Logo

Hukuk Genel Kurulu2005/9-318 E. 2005/327 K.

Yapay Zeka Özeti

Uyuşmazlık: Davacının daha önce çalıştığı kamu kuruluşundaki hizmet süresinin, davalı işyerindeki kıdem tazminatı hesabında dikkate alınıp alınamayacağı.

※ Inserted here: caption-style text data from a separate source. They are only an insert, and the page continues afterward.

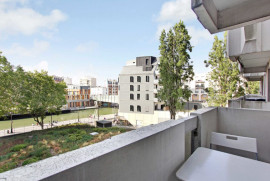 
                                                                                        Location
                                                                                         Cosy studio meuble - Vue sur le Canal de l'Ourcq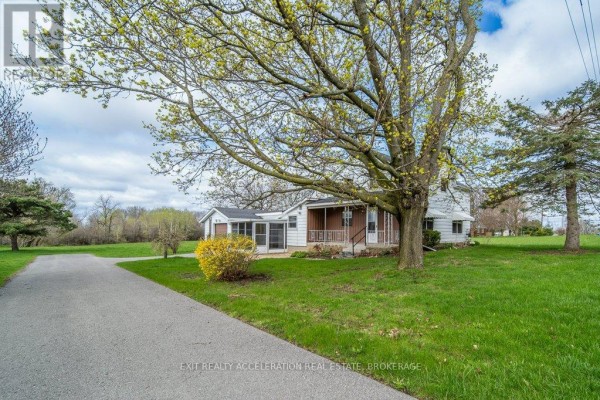 Family room - 302 Old Hamburg Road, Greater Napanee, ON K7R3K6 Photo 2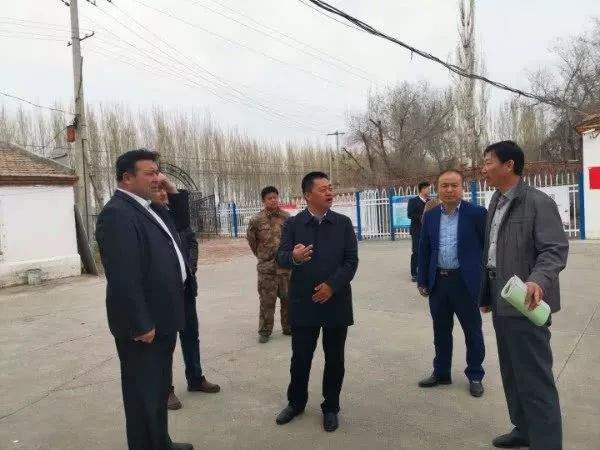 师市党委常委、纪委书记丁永宏赴143团调研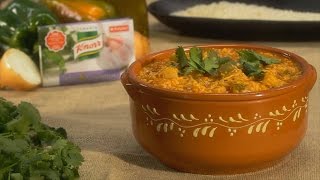 Aloure a cebola no azeite quente, junte o bacalhau em lascas e a barra Knorr de tempero de Alho e Coentros.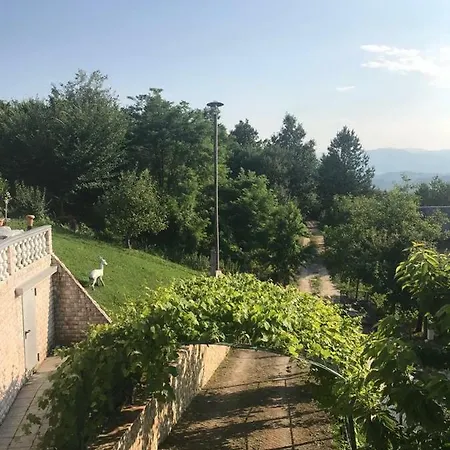 Oaza Odmora Hedrovace Kod Maglaja - Vikendica Sa Bazenom *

Gerekçe ve Sonuç: Davacının önceki kamu kuruluşundan kıdem tazminatı ödenmesini gerektirecek bir şekilde ayrılmadığı, kendi isteğiyle istifa ettiği anlaşıldığından, 1475 sayılı İş Yasası'nın 14/4. maddesi gereğince değişik kamu kuruluşlarında geçen hizmet sürelerinin birleştirilebilmesi için aranan koşulların oluşmadığı gözetilerek, yerel mahkemenin direnme kararı bozulmuştur.

Karar Metni

"İçtihat Metni"

Mahkemesi

:

Kayseri İş Mahkemesi

Günü

:

22.02.2005

Sayısı

:

45-101

Taraflar arasındaki “kıdem tazminatı” davasından dolayı yapılan yargılama sonunda; Kayseri İş Mahkemesince davanın kabulüne dair verilen 30.12.2003 gün ve 2003/1053-1259 sayılı kararın incelenmesi davalı vekili tarafından istenilmesi üzerine, Yargıtay 9. Hukuk Dairesinin 7.7.2004 gün ve 2004/3784-17305 sayılı ilamı ile,

(...Davacı davalıya ait işyerinde çalışmaya başlamadan önce Sümerbank Kayseri Pamuklu Sanayi bünyesinde hizmet akti ile çalıştığı 20.8.1980-30.11.1981 tarihleri arasındaki çalışmanın kıdem tazminatı hesabında nazara alınması gerektiğini iddia ederek kıdem tazminatı isteminde bulunmuştur. Mahkemece istek gibi karar verilmiştir. Dosya içerisinde mevcut Sümerbank Kayseri Pamuklu Sanayi Müessesesi tarafından davacıya yazılan ve davacı tarafından dosyaya ibraz edilen 18.12.1985 tarihli yazıda davacının işyerlerinden 30.11.1981 tarihinde kendi isteğiyle ayrıldığı bildirilmiştir. 1475 Sayılı İş Yasasının 14/4 maddesi gereğince değişik kamu kuruluşlarında geçen hizmet sürelerinin birleştirilebilmesi için hizmet akdinin kıdem tazminatı ödenmesini gerektirecek şekilde sona ermesi gerekir. Davacının Sümerbank işyerinden istifa ederek ayrıldığı anlaşıldığından Sümerbank’ta geçen çalışma döneminin kıdem tazminatı hesabında nazara alınması mümkün değildir. Bu sebeplerle davanın reddi gerekirken yazılı şekilde kabulü bozmayı gerektirmiştir...)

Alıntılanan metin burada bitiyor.